------ DATASET CONTENT
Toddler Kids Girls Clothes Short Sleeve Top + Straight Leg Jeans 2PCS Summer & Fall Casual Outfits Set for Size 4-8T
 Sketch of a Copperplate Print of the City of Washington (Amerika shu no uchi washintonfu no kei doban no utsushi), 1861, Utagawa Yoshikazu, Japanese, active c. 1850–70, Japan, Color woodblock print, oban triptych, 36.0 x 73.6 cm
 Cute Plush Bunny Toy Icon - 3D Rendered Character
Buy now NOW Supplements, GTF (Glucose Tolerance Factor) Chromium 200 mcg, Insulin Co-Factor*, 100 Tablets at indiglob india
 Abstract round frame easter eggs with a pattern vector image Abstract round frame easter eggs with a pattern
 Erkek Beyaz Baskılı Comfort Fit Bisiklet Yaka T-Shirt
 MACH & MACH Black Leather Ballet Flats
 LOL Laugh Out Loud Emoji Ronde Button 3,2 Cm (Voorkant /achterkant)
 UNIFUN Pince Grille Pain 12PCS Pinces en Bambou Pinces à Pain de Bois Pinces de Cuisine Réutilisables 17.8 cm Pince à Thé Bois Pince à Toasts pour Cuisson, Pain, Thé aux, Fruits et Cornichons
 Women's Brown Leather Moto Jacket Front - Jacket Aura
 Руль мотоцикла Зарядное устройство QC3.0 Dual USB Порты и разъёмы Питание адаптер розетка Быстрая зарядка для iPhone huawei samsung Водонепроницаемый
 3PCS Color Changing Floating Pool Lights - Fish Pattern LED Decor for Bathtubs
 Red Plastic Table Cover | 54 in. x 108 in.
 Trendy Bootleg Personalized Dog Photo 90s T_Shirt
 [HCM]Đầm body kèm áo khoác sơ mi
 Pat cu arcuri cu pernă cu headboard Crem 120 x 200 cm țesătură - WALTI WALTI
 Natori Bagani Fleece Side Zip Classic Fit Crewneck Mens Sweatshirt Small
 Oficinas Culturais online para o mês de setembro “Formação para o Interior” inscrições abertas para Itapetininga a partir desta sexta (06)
------------
* **WORK ORDER**
Of all the entries above, output exactly the lines between the one holding "MACH & MACH Black Leather Ballet Flats" and the one holding "UNIFUN Pince Grille", inclusive.

* **RESULT BELOW**
 MACH & MACH Black Leather Ballet Flats
 LOL Laugh Out Loud Emoji Ronde Button 3,2 Cm (Voorkant /achterkant)
 UNIFUN Pince Grille Pain 12PCS Pinces en Bambou Pinces à Pain de Bois Pinces de Cuisine Réutilisables 17.8 cm Pince à Thé Bois Pince à Toasts pour Cuisson, Pain, Thé aux, Fruits et Cornichons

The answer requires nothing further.